[Aus:]
Gotth. Ephr. Lessings
Theatralische Bibliothek
Vorrede
Man wird sich der »Beiträge zur Historie und Aufnahme des Theaters« erinnern, von welchen im Jahr 1750 vier Stück zum Vorschein kamen. Nicht der Mangel der guten Aufnahme, sondern andere Umstände machten ihnen ein zu kurzes Ende. Ich könnte es beweisen, daß Leute von Einsicht und Geschmack öffentlich die Fortsetzung derselben gewünscht haben. Und so viel man auch von dergleichen öffentlichen Wünschen, nach Gelegenheit ablassen muß, so bleibt doch noch immer so viel davon übrig, als hinlänglich ist, mein gegenwärtiges Unternehmen zu rechtfertigen.

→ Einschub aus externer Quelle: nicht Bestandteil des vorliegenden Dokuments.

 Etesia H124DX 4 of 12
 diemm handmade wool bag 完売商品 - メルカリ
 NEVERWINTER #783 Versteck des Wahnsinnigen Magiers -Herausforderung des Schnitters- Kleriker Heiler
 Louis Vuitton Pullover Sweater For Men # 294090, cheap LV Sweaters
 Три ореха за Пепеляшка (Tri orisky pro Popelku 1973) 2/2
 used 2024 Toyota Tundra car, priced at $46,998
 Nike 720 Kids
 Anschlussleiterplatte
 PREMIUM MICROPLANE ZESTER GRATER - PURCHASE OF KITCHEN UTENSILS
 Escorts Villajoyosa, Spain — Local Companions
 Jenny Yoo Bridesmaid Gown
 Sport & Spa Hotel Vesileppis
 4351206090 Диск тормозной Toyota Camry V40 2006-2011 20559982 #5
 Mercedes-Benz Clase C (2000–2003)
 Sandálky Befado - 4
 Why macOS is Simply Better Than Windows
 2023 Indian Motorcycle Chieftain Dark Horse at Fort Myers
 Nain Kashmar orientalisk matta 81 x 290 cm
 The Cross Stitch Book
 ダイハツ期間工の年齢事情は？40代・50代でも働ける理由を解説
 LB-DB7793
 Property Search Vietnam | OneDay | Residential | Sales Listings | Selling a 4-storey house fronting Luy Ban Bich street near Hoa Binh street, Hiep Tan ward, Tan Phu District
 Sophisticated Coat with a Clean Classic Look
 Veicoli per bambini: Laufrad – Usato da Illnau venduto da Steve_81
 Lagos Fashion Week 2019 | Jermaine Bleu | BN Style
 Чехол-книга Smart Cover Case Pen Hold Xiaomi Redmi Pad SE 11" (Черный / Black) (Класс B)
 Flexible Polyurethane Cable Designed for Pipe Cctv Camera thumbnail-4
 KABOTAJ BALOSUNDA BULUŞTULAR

Man sieht leicht, daß ich hiermit diese Theatralische Bibliothek als eine Folge gedachter Beiträge ankündigen will. Ich verliere mich, nach dem Sprichworte zu reden, nicht mit meiner Sichel in eine fremde Ernte; sondern mein Recht auf diese Arbeit ist gegründet. Von mir nämlich schrieb sich nicht nur der ganze Plan jener periodischen Schrift her, so wie er in [9] der Vorrede entworfen wird; sondern auch der größte Teil der darin enthaltenen Aufsätze ist aus meiner Feder geflossen. Ja ich kann sagen, daß die fernere Fortsetzung nur dadurch wegfiel, weil ich länger keinen Teil daran nehmen wollte.
Zu diesem Entschlusse brachten mich, Teils verschiedene allzukühne und bittere Beurteilungen, welche einer von meinen Mitarbeitern einrückte; Teils einige kleine Fehler, die von Seiten seiner gemacht wurden, und die notwendig dem [9] Leser von den Verfassern überhaupt einen schlechten Begriff beibringen mußten. Er übersetzte, zum Exempel, die Clitia des Machiavells. Ich konnte mit der Wahl dieses Stücks, in gewisser Absicht, ganz wohl zu frieden sein; allein mit seinem Vorberichte hatte ich Ursache, es ganz und gar nicht zu sein. Er sagte unter andern darinne: »Fragt man mich, warum ich nicht lieber ein gutes als ein mittelmäßiges Stück gewählt habe? so bitte ich, mir erst ein gutes Stück von dem italienischen Theater zu nennen.« – – – Diese Bitte machte mich so verwirrt, daß ich mir nunmehr beständig vorstellte, ein jeder der in der welschen Literatur nur nicht ganz und gar ein Fremdling sei, werde uns zurufen: wenn ihr die Bühnen der übrigen Ausländer nicht besser kennt, als die Bühne der Italiener, so haben wir uns feine Dinge von euch zu versprechen!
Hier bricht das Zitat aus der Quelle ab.